Stored dataset items.
^^^^

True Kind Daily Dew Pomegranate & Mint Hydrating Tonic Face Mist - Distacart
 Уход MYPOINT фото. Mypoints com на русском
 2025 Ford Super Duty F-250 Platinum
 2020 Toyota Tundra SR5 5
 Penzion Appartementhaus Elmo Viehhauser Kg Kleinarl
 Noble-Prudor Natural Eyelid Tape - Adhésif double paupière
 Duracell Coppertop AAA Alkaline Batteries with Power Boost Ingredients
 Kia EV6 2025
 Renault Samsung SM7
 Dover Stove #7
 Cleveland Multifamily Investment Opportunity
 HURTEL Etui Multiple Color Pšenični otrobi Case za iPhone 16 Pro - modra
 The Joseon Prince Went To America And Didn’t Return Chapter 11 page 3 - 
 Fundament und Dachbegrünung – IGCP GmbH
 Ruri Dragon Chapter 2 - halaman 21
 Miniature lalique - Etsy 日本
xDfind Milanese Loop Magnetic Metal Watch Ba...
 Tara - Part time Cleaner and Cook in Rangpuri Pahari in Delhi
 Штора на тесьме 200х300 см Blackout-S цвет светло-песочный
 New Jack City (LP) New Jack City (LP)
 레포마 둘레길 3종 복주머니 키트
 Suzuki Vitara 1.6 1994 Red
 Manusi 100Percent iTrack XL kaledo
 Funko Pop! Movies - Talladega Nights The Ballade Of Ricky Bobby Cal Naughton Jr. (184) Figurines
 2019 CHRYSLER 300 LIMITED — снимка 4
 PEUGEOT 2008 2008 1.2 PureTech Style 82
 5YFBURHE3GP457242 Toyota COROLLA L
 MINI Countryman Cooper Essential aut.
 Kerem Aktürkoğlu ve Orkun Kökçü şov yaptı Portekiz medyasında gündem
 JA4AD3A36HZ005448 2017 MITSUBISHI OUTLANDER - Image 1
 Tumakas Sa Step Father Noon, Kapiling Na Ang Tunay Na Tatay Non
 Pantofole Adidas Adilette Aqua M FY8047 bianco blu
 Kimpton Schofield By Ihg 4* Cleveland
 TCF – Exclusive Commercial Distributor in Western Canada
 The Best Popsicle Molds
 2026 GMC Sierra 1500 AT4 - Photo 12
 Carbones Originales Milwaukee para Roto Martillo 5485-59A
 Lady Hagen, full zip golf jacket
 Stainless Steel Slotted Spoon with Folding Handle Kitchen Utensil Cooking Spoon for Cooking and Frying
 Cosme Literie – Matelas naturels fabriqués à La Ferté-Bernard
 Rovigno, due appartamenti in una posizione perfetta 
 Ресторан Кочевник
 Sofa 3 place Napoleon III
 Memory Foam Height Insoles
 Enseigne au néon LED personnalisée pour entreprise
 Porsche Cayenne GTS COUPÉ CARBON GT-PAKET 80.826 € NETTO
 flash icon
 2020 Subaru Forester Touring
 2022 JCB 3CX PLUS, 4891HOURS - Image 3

^^^^

WHAT THE TASK ASKS. From start to finish, retype the records above with complete accuracy.

SOLUTION.
True Kind Daily Dew Pomegranate & Mint Hydrating Tonic Face Mist - Distacart
 Уход MYPOINT фото. Mypoints com на русском
 2025 Ford Super Duty F-250 Platinum
 2020 Toyota Tundra SR5 5
 Penzion Appartementhaus Elmo Viehhauser Kg Kleinarl
 Noble-Prudor Natural Eyelid Tape - Adhésif double paupière
 Duracell Coppertop AAA Alkaline Batteries with Power Boost Ingredients
 Kia EV6 2025
 Renault Samsung SM7
 Dover Stove #7
 Cleveland Multifamily Investment Opportunity
 HURTEL Etui Multiple Color Pšenični otrobi Case za iPhone 16 Pro - modra
 The Joseon Prince Went To America And Didn’t Return Chapter 11 page 3 - 
 Fundament und Dachbegrünung – IGCP GmbH
 Ruri Dragon Chapter 2 - halaman 21
 Miniature lalique - Etsy 日本
xDfind Milanese Loop Magnetic Metal Watch Ba...
 Tara - Part time Cleaner and Cook in Rangpuri Pahari in Delhi
 Штора на тесьме 200х300 см Blackout-S цвет светло-песочный
 New Jack City (LP) New Jack City (LP)
 레포마 둘레길 3종 복주머니 키트
 Suzuki Vitara 1.6 1994 Red
 Manusi 100Percent iTrack XL kaledo
 Funko Pop! Movies - Talladega Nights The Ballade Of Ricky Bobby Cal Naughton Jr. (184) Figurines
 2019 CHRYSLER 300 LIMITED — снимка 4
 PEUGEOT 2008 2008 1.2 PureTech Style 82
 5YFBURHE3GP457242 Toyota COROLLA L
 MINI Countryman Cooper Essential aut.
 Kerem Aktürkoğlu ve Orkun Kökçü şov yaptı Portekiz medyasında gündem
 JA4AD3A36HZ005448 2017 MITSUBISHI OUTLANDER - Image 1
 Tumakas Sa Step Father Noon, Kapiling Na Ang Tunay Na Tatay Non
 Pantofole Adidas Adilette Aqua M FY8047 bianco blu
 Kimpton Schofield By Ihg 4* Cleveland
 TCF – Exclusive Commercial Distributor in Western Canada
 The Best Popsicle Molds
 2026 GMC Sierra 1500 AT4 - Photo 12
 Carbones Originales Milwaukee para Roto Martillo 5485-59A
 Lady Hagen, full zip golf jacket
 Stainless Steel Slotted Spoon with Folding Handle Kitchen Utensil Cooking Spoon for Cooking and Frying
 Cosme Literie – Matelas naturels fabriqués à La Ferté-Bernard
 Rovigno, due appartamenti in una posizione perfetta 
 Ресторан Кочевник
 Sofa 3 place Napoleon III
 Memory Foam Height Insoles
 Enseigne au néon LED personnalisée pour entreprise
 Porsche Cayenne GTS COUPÉ CARBON GT-PAKET 80.826 € NETTO
 flash icon
 2020 Subaru Forester Touring
 2022 JCB 3CX PLUS, 4891HOURS - Image 3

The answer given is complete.